Kommentare zu: „Weiße Flecken“ sollen bald Vergangenheit sein

2 Kommentare

Was nützen die besten Standorte für Masten, wenn das Signal die fahrenden Auto´s nicht erreicht. Z.B. L 254 auf dem Siebengebirge Höhe Rothe Kreutz Richtung Weissfeld. Oder sind dort andere Anbieter als die DT, die dann dort keine Antennen hat und die Autofahrer mit D1 Netz in der Luft hängen lässt.

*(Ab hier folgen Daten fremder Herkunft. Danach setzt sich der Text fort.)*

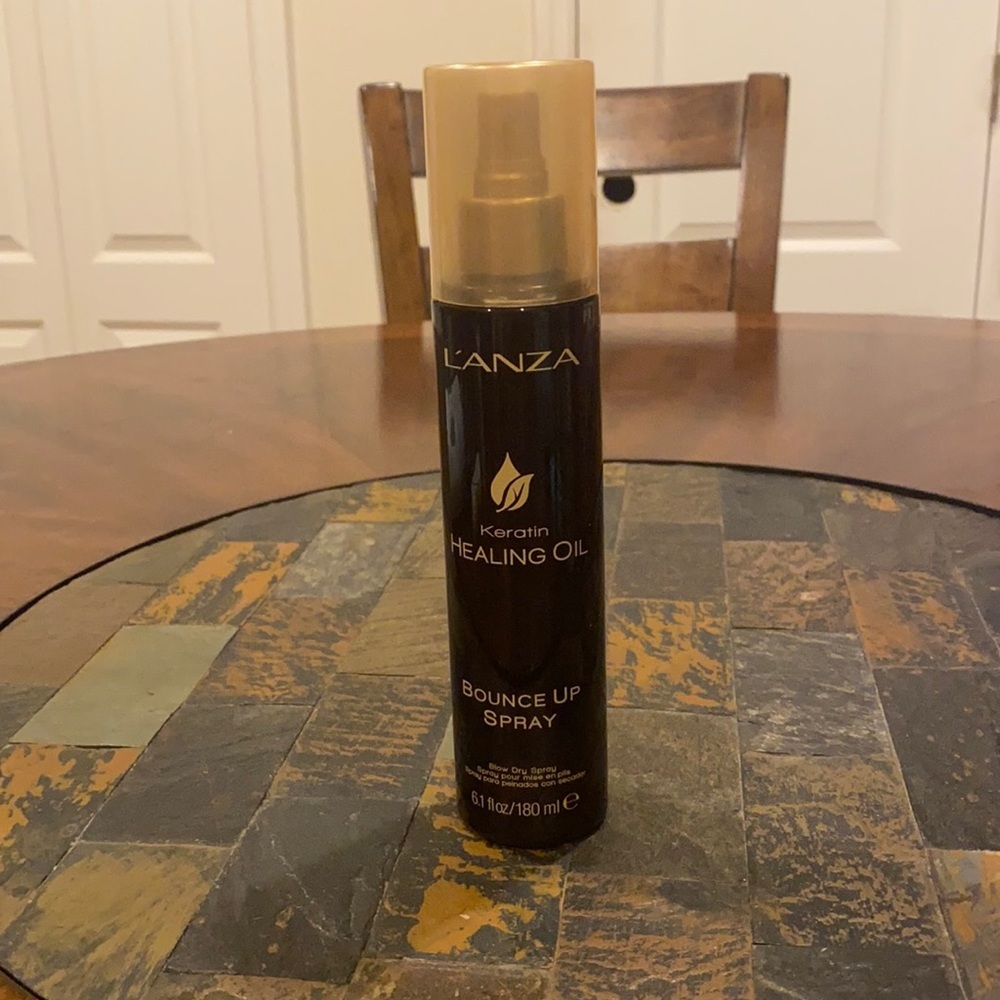 L'Anza Lanza Keratin Healing Oil BounceUp Spray 6.1 oz
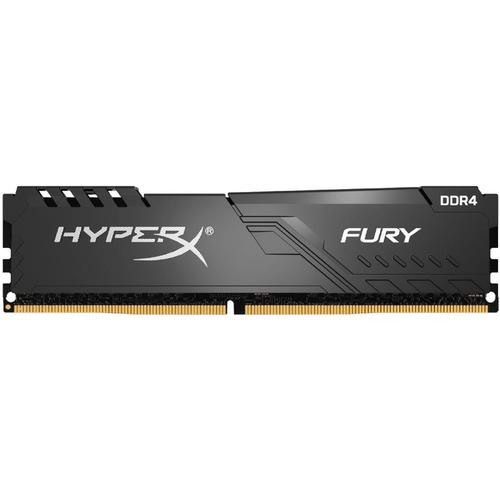 Kingston HyperX FURY 16GB DDR4 SDRAM Memory Module - For Desktop PC - 16 GB - DDR4-3600/PC4-28800 DDR4 SDRAM - 3600 MHz - CL18 - 1.35 V - Non-ECC - Unbuffered - 288-pin - DIMM - Lifetime Warranty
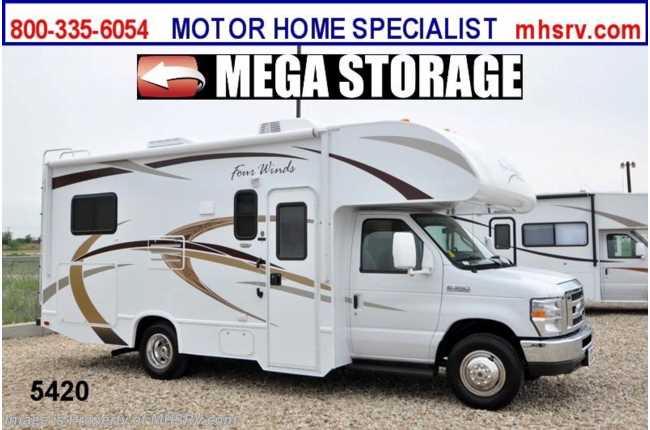 2013 Thor Motor Coach Four Winds Class C RV for Sale 22E - New
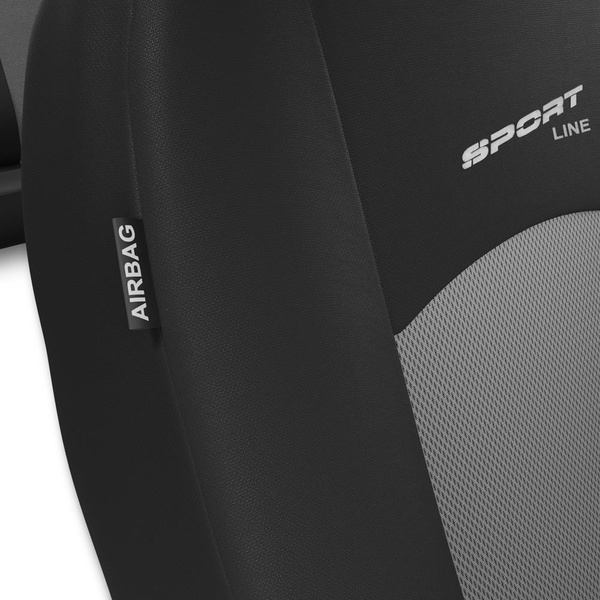 Coprisedili compatibili con Seat Arona (2017-....) - fodere sedili universali - set coprisedili auto - S-G2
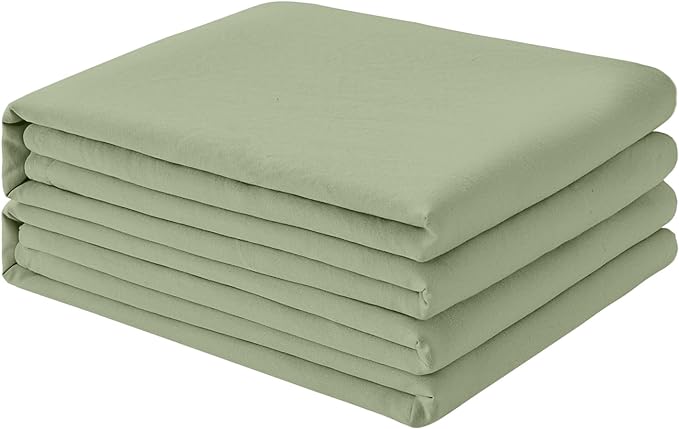 FreshCulture Queen Flat Sheets Only 2 Pack by FreshCulture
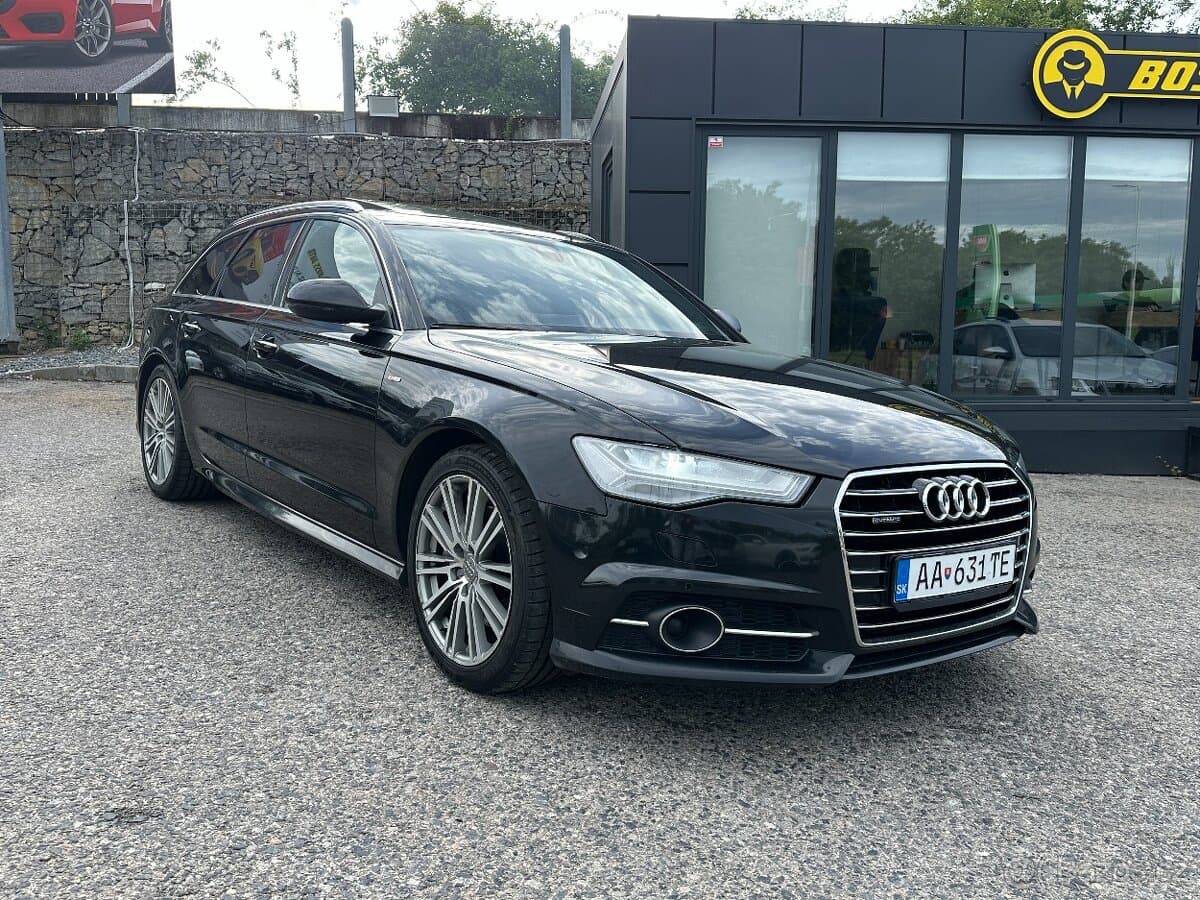2016 Audi A6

Wäre ja nicht so abwägig bei der DT. Und auch der Abgeordnete des WW - Kreises kann sich am Engagement von Herrn Rüddel eine Scheibe abschneiden. Denn auch dort gibt es noch einige "Weiße Flecken" bzw. sich nicht überlappende Sendebereiche. Es wäre doch eine gute Gelegenheit der Abgeordneten aller 3 Westerwaldkreise sich zum Wohle aller Westerwälder zusammen zu tun und hierdurch eine gemeinsame Stärke zu demonstrieren. Parteipolitik hierbei mal aussen vorlassen und gemeinsam kämpfen macht stark.
#2 von Burkhard Pritzer, am 19.06.2019 um 17:44 Uhr
wenn man einmal durch andere Länder, z.B. Österreich,Italien, Frankreich oder Schweiz, fährt, sieht man wie an den Masten von Überlandstronmleitungen oder an den Masten von Windräder, Mobilfunkantennen montiert sind. In Deutschland dagegen sehr selten. Das wäre doch eine Möglichkeiten die vorhandenen Gegegenheiten zu nutzen.